A. At a time when teenaged boys are developing and discovering their sexuality, it's not unusual for them to jeer, snicker, and poke fun at someone who embodies all of their own phobias regarding homosexuality.
Nevertheless, it is your job to offer information about gay people, create an understanding of homosexuality, and put forth the expectation of respect for this teacher. When you hear these disparaging remarks, step up to the parenting plate and discount them with a sound bite of information or an expectation for appropriate behavior.
Teenagers don't like long lectures from parents. Brief statements that challenge their thinking often are best received.
Here are a few lines that you can use when you hear those disparaging remarks:
- That's an unkind remark. How your teacher conducts his personal life outside of school is his business, not yours, and you are expected to show him respect.
- I hope you never make a comment like that when your teacher -- or anyone else -- is in earshot. Not only is it disrespectful to your teacher, but you could hurt the feelings of someone else whose orientation you're not aware of.
- Making fun of people is mean. It shows a lack of understanding. I encourage you to read about homosexuality and broaden your understanding before passing judgment.
- In the world of business, if you made such comments, you would be reprimanded by the human resources department. It's time to learn how to tolerate differences in people for now and for the future.
If your son argues with you, it's fine to open up a discussion on the topic. You state your opinion, and then let your son state his. A heated exchange between teen and parent is welcome unless it turns disrespectful. If your son yells, swears, or calls you names, end the conversation and return to the topic when his emotions subside. Here's the line to use: "I'm willing to discuss this topic when you're calm. For now, the conversation is over for me."

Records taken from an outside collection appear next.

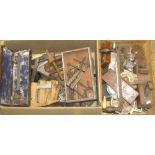 A miscellaneous lot of vintage and later hand tools, together with a Hitachi M12SA electric bench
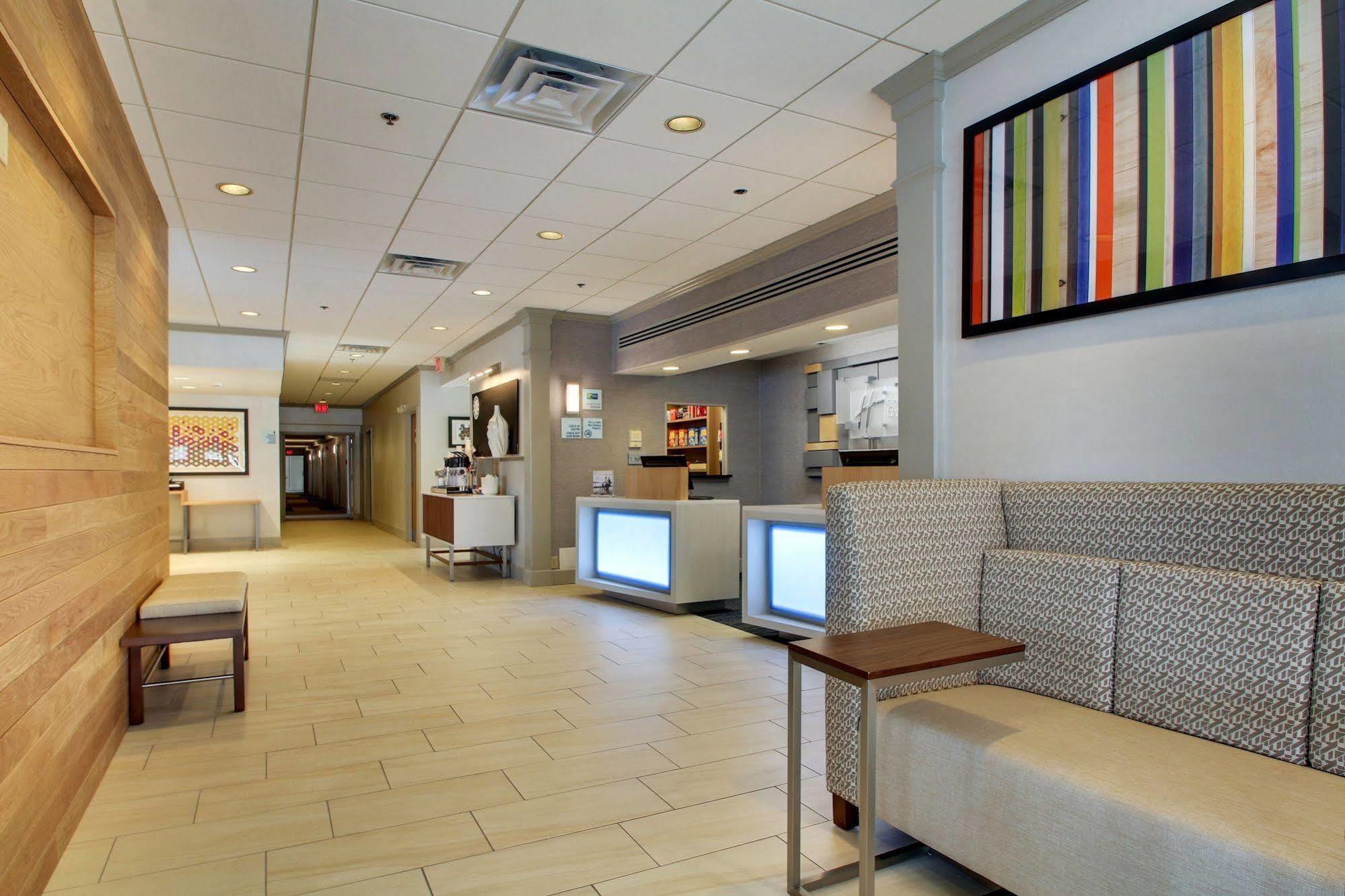 Holiday Inn Express Poughkeepsie By Ihg Exteriör bild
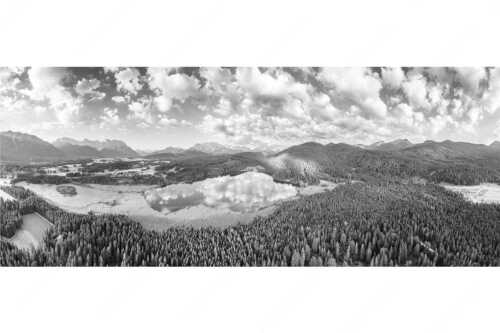 Blick über den Barmsee ins Wettersteingebirge - Lieblingssee II - Seitenverhältnis 2,5:1 - Luftaufnahme Barmsee mit Wetterstein - weitere Infos unter https://www.kriner-weiermann.de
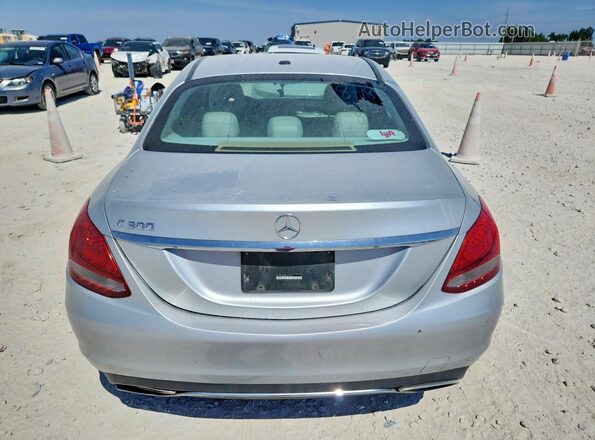 55SWF4JB9GU128747 2016 MERCEDES-BENZ C Silver Սալոնի հետևի տեսք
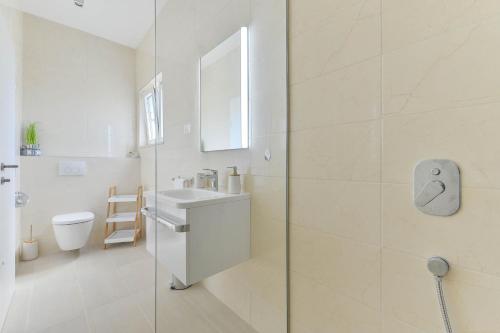 Koupelna v ubytování Luxury Villa Rita Regina with heated pool near the sea- by TA Leut Agency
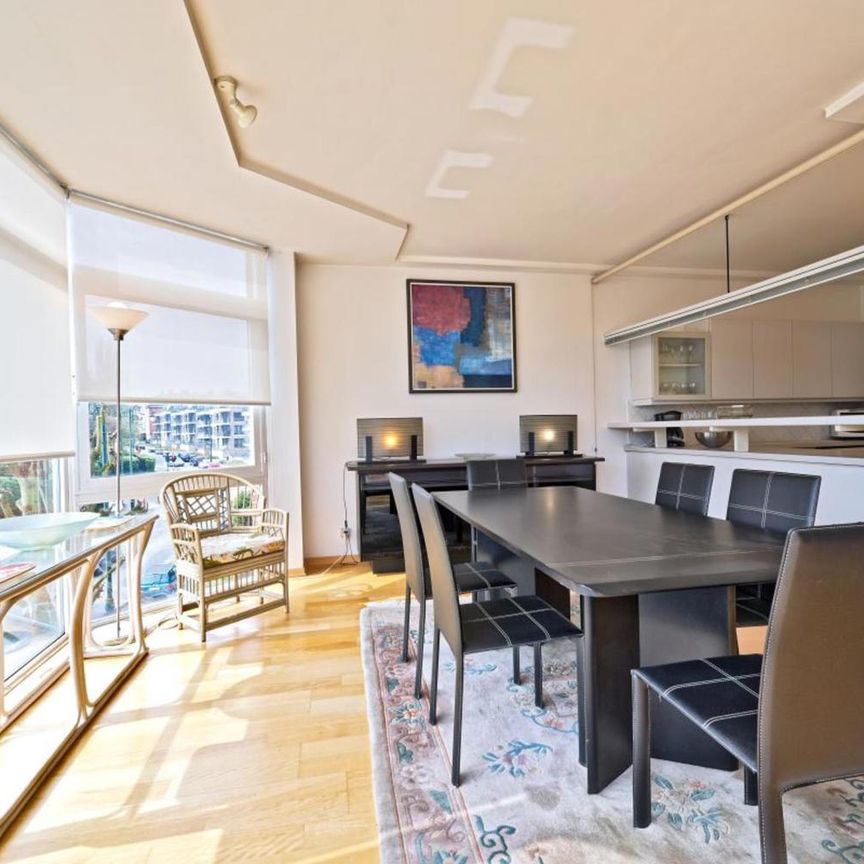 Quartier Roosevelt - Appartement meublé de +/- 160 m² - 3 ch & 3 sdb - Foto 1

After a discussion such as one on homosexuality, teens won't say, "Thanks, I really appreciate your insights." To maintain their teenaged dignity, adolescents usually go off their bedroom. That doesn't mean they haven't been influenced by the parent's point of view.
Parents of teens need courage when it comes to informing their young adults of their perspective on controversial issues. You have a powerful voice. Let your son hear it on the issue of homosexuality and other tough topics as well.